Serbia combines competitive taxation with excellent human capital and modern traditional banking. Certain regimes allow for very low effective tax burdens when structured correctly, especially for service and IP-based businesses. Rich R&D incentives, interesting flat rate taxation regime for sole entrepreneurs together with low flat rate corporate taxation at 15% are certainly worth of exploring. However, fintech access is very limited and STRIPE is not available, and must be replaced with local payment processing companies instead. Extensive network of DTT. No CRS.
Best for:
Consultants, developers, digital services, hybrid onshore-offshore models.
MONTE
NEGRO
Low taxes with high lifestyle appeal.
Montenegro offers low corporate and personal taxes, straightforward compliance, and growing international appeal. It is increasingly used for owner-managed businesses and holding structures. It is also widely seen as the first in line of the next EU enlargement as the most prominent EU candidate from the Balkans region. With it's beautiful Adriatic coastline it is considered as great choice for relocation strategies.
Best for:
Lifestyle entrepreneurs, consultants, small holding companies.


BRCKO
DISTRICT
(B&H)
One of Europe’s most aggressive low-tax environments.

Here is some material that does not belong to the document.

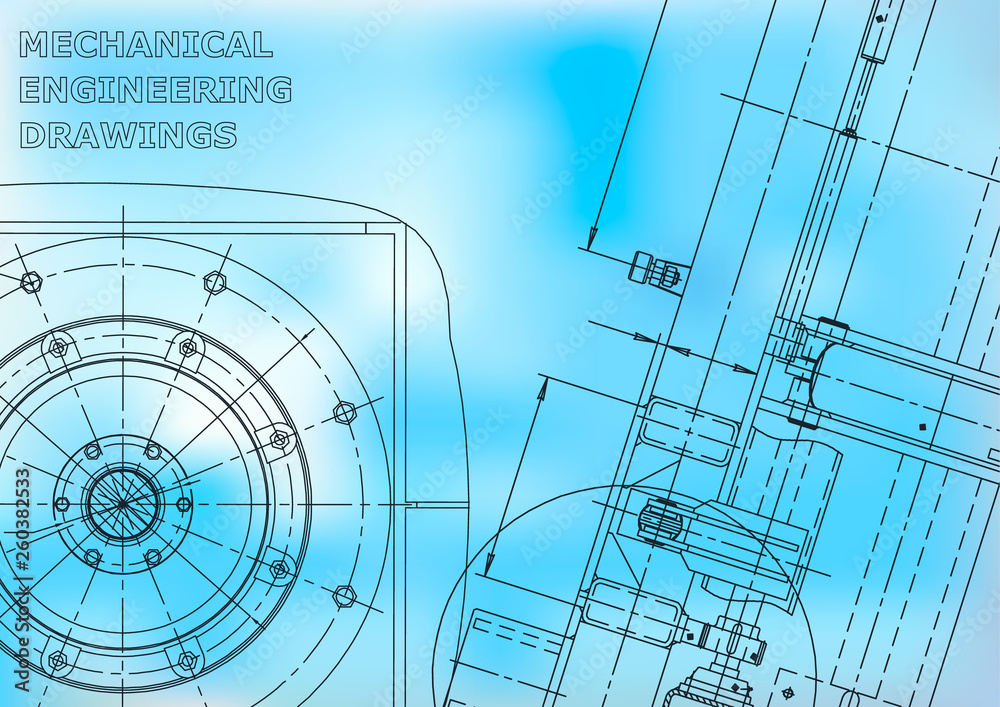 Blueprint, Sketch. Vector engineering illustration. Cover, flyer, banner, background. Instrument-making drawings. Mechanical engineering drawing. Blue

The Brčko District is known for 0% tax on dividends and very competitive corporate taxation levied at only 10%. When used correctly, it can serve as a powerful regional hub. Banking is traditional and cash friendly but country has low fintech access and Stripe is not available. Bosnia & Herzegovina is not a CRS member. Read more in our comprehensive blog post.
Best for:
Holding structures, regional operations, dividend-focused setups.

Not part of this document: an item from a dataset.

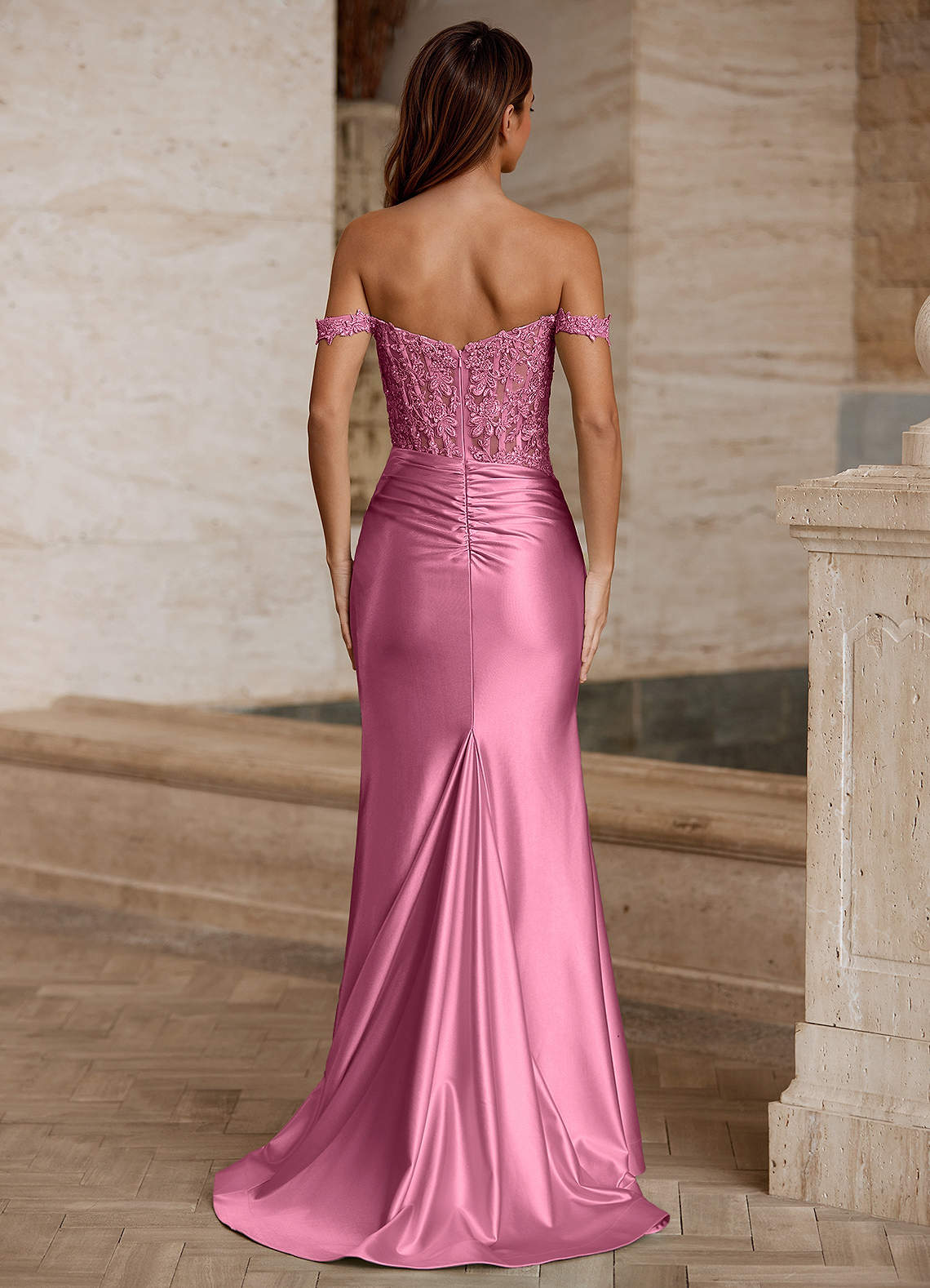 Wrentino Mermaid Off-the-Shoulder Stretch Satin Evening Dress in Dusty Pink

Selected Offshore Jurisdictions: When and Why They Still Matter in 2026
Offshore jurisdictions are no longer about secrecy or aggressive tax avoidance.
In 2026, they are used selectively and strategically — most often as components of broader international structures, not as standalone solutions.
At Northbridge, we approach offshore destinations as technical tools, suitable only when aligned with substance, banking access, and clear commercial logic.
Below are offshore jurisdictions that still have a legitimate role when structured correctly.

NEVIS
Asset protection and legal resilience.
Nevis is globally recognized for its strong asset-protection framework, creditor protection laws, and legal insulation of ownership structures. While not typically used for active trading, Nevis entities remain highly effective as holding, IP-owning, or asset-protection vehicles within multi-jurisdictional setups. Besides Nevis LLCs, setting up and running a Nevis Trust can be used as a powerful asset protection mechanism.
Best used for:
Holding companies, IP ownership, asset-protection layers, high-risk industries.
SEYCHELLES
Flexible and cost-efficient international companies.
Seychelles remains a practical jurisdiction for International Business Companies (IBCs) when operational activity and revenue generation take place outside the jurisdiction. It offers low maintenance costs and administrative simplicity, making it suitable for non-operational roles within a structure.
Best used for:
Holding functions, intermediary entities, contractual or licensing layers.


MARSHALL ISLANDS
Specialized structures for international operations.
The Marshall Islands are widely used for LLCs and partnerships in international contexts, especially where neutrality, legal familiarity, and flexibility are required. They are often positioned between operating companies and end clients or partners. It is also commonly used in combination with Nevis Trusts.
Best used for:
International partnerships, group structuring, niche cross-border arrangements.